Neste fim de semana, Salvador se transformará na capital brasileira da velocidade. Pela primeira vez em trinta anos de história, será realizada uma etapa do campeonato brasileiro de Stock Car no Nordeste e em um circuito de rua – nas ruas do Centro Administrativo da Bahia. Como atualmente o automobilismo não goza de muito prestígio aqui na Bahia, várias ações de divulgação foram feitas para mobilizar o público: carros ficaram expostos em alguns dos principais shopping centers da cidade; pilotos deram voltas com os carros no Dique do Tororó - região do centro de Salvador; o piloto Cacá Bueno fez um pit-stop em frente ao Mercado Modelo e Elevador Lacerda; os pilotos Xandinho Negrão e William Starostik passaram uma tarde autografando bonés no Shopping Iguatemi em troca de 1kg de alimento não-perecível. Sem contar a propaganda massiva feita pela imprensa esportiva baiana desde o final do mês passado.
Reconheço que isso será muito bom para o esporte baiano. A divulgação que a cidade já recebeu – e ainda vai receber – em virtude da corrida que acontecerá amanhã será ótima. Para aqueles que estão brigando pela construção de um autódromo em Salvador, essa é uma boa oportunidade de intensificar a luta. Além disso tudo, como estamos em período de baixa estação, o evento ajudou a incrementar o turismo baiano (que está passando por uma das piores fases nos últimos vinte anos), uma vez que há uma boa quantidade de pessoas que virão a Salvador só para assistir à corrida.
Entretanto, uma coisa que eu vi nos jornais chamou bastante a minha atenção, e é a isso que eu quero dar destaque: todos os ingressos foram vendidos em 48 horas, e por isso a organização criou, no local onde acontecerá a prova, um espaço batizado de Praça dos Telões, onde as pessoas de menor poder aquisitivo (o Jornal da Metrópole desta semana usou o termo “povão”, mas eu detesto essa palavra) poderão pagar de cinco a dez reais para assistir à prova através de telões de alta resolução.
Que falta de respeito! Vejam só se eu vou pagar dez reais para ver imagem de telão!!! Imagem de telão, eu vejo em casa. Sei que isso não causará efeito prático nenhum (eu sou um só, e uma andorinha só não faz verão), mas essa é a única forma que eu tenho de protestar contra essa ideia de que os pobres têm de estar sempre relegados aos piores lugares. Percebam: a organização do evento só pensou em criar uma forma de atrair os mais desfavorecidos depois que os ingressos foram todos vendidos. Por que a organização não pensou em criar preços mais em conta em uma zona que os pobres pudessem ver os carros na pista?

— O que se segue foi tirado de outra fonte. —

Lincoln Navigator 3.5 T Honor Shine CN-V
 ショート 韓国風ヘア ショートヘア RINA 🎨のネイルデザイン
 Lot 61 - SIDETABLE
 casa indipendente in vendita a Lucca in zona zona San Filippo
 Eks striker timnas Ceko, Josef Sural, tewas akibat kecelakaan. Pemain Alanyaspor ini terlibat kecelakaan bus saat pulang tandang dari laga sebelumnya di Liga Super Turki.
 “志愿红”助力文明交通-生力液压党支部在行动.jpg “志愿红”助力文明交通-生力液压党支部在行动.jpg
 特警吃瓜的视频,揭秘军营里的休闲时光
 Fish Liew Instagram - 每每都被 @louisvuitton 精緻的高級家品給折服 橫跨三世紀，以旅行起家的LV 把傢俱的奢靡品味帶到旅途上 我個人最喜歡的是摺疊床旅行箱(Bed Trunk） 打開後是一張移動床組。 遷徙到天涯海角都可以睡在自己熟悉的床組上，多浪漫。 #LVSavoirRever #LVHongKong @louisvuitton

Certamente aparecerá alguém dizendo que eu sou ingênuo, imbecil, metido a besta, dentre outras palavras. Digam o que quiserem. Eu só não concordo que o sofrimento, o descaso e o menosprezo são coisas naturais. Não é porque eu sou preto, pobre e periférico que eu tenho de aceitar sempre os restos e dizer que “é assim mesmo”. Como bem disse o Kortezia, “eu estou carente, mas eu quero coisa boa”.
Isso é a mesma coisa de pagar para assistir a uma apresentação de Emílio Santiago (que eu gosto muito), um espetáculo teatral ou uma apresentação do Cirque du Soleil numa fileira tão distante do palco e ter de ver o espetáculo através de telão. Se fosse para ver imagem de TV, eu compraria um DVD pirata no camelô e assistiria à apresentação em casa.
Na Stock Car, não seria diferente. Como eu não tive grana para pagar o preço dos ingressos das áreas mais nobres (até porque o preço já é colocado para selecionar o público), eu também não irei lá. Eu até tenho dez reais livre aqui no meu bolso no momento, mas ele será usado em outra coisa. Acompanharei a transmissão através do Esporte Espetacular, pois sairá bem mais barato.
P.S.: de acordo com o Jornal da Metrópole do dia 24/07 (www.jornaldametropole.com.br), o Cirque du Soleil cancelou quatro dias de apresentação aqui em Salvador (27/8, 3/9, 4/9 e 6/9). Os motivos do cancelamento até agora não foram – e eu imagino que nunca serão – divulgados, mas eu quero acreditar que foi o baixo público.
Se for isso mesmo, será bem feito. Se os preços dos ingressos fossem mais baixos, a presença de público seria bem maior e com certeza nenhum dia de apresentação seria suspenso.